My problem is I usually do not have any issues retrieving rows using the get_indexed_slices query for the current date (using current day of year). But whenever I query for yesterday's day of year (which is one of the indexed column), I get a time out for the first time I make the query. And most of the times, it returns when I query the second time and 100% during the third time.
Both these columns are created as double data type in the column family and I generally get 1 record per minute. I have 3 nodes in the cluster and the nodetool reports suggest that the nodes are up and running, though the load distribution report from nodetool looks like this.
Starting NodeTool
Address DC Rack Status State Load Owns
xxx.xx.xxx.xx datacenter1 rack1 Up Normal 7.59 GB 51.39%
xxx.xx.xxx.xx datacenter1 rack1 Up Normal 394.24 MB 3.81%
xxx.xx.xxx.xx datacenter1 rack1 Up Normal 4.42 GB 44.80%
and my configuration in YAML is as below.
hinted_handoff_enabled: true
max_hint_window_in_ms: 3600000 # one hour
hinted_handoff_throttle_delay_in_ms: 50
partitioner: org.apache.cassandra.dht.RandomPartitioner
commitlog_sync: periodic
commitlog_sync_period_in_ms: 120000
flush_largest_memtables_at: 0.75
reduce_cache_sizes_at: 0.85
reduce_cache_capacity_to: 0.6
concurrent_reads: 32
concurrent_writes: 24
sliced_buffer_size_in_kb: 64
rpc_keepalive: true
rpc_server_type: sync
thrift_framed_transport_size_in_mb: 15
thrift_max_message_length_in_mb: 16
incremental_backups: true
snapshot_before_compaction: false
column_index_size_in_kb: 64
in_memory_compaction_limit_in_mb: 64
multithreaded_compaction: false
compaction_throughput_mb_per_sec: 16
compaction_preheat_key_cache: true
rpc_timeout_in_ms: 50000
index_interval: 128
Is there something I may be missing? Are there any problems in the config?
Upvotes: 1
Views: 517
Reputation: 20200
If you come from a relational model, playOrm is just as fast and you can be relational on a noSQL store BUT you just need to partition your extremely large tables. IF you do that, you can then use "scalable JQL" to do your stuff
@NoSqlQuery(name="findJoinOnNullPartition", query="PARTITIONS t(:partId) select t FROM TABLE as t INNER JOIN t.security as s where s.securityType = :type and t.numShares = :shares")

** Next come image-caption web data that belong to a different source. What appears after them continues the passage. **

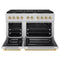 Autograph Edition 48 In. 6.7 Cu. Ft. Paramount Double Oven Dual Fuel Range With 8 Burner Gas Cooktop In Stainless Steel And Champagne Bronze Accents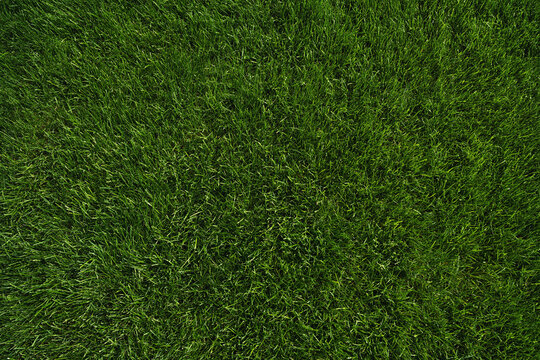 green grass texture - well-groomed turf in the garden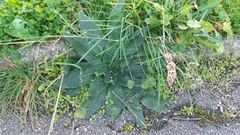 Echium italicum italicum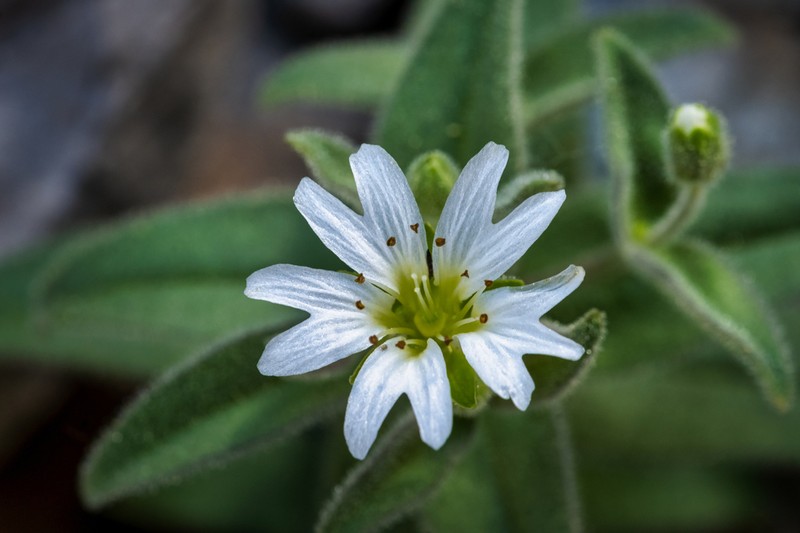 American Chickweed photo 5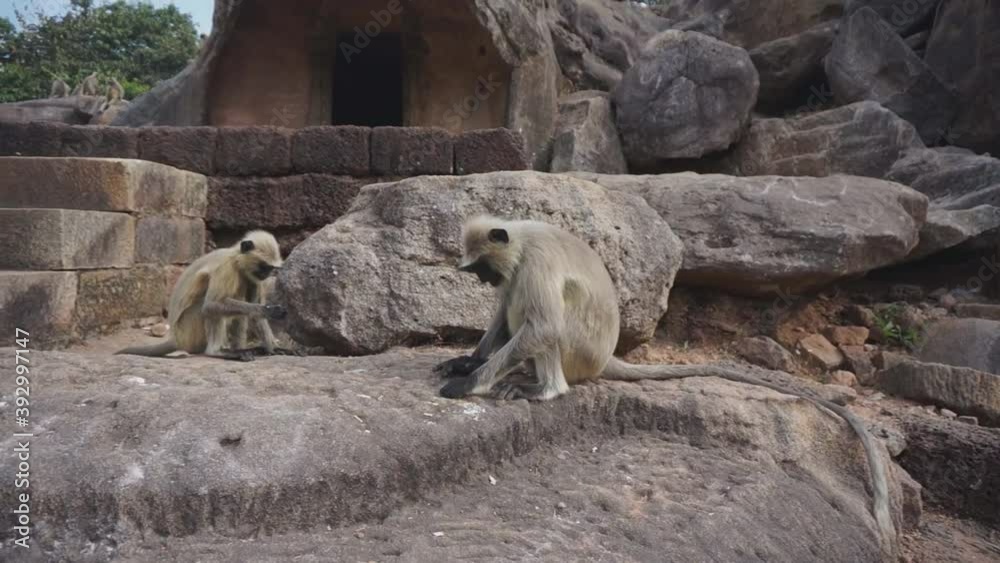 Monkeys sitting on rocks at a stone carved temple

IT also has the @ManyToOne, @OneToMany, etc. etc. annotations for a basic ORM though some things work differently in noSQL but a lot is the similar.
Upvotes: 1
Reputation: 2685
I finally solved my problem in a different way. In fact I realized the problem is with my data model.
The problem comes because we we come from a RDBMS background. I restructured the data model a little and now, I get responses faster.
Upvotes: -1
Reputation: 3077
Duplicate your data in another column family where the key is your search data. Row slice are mutch faster
Personally I never got to use secondary index in production environments. Or I had problems with timeout, or the speed of data retrieve by secondary index was lower that the amount of data inserted. I think that it is related with not sequentially reading data and HD seek time.
Upvotes: 2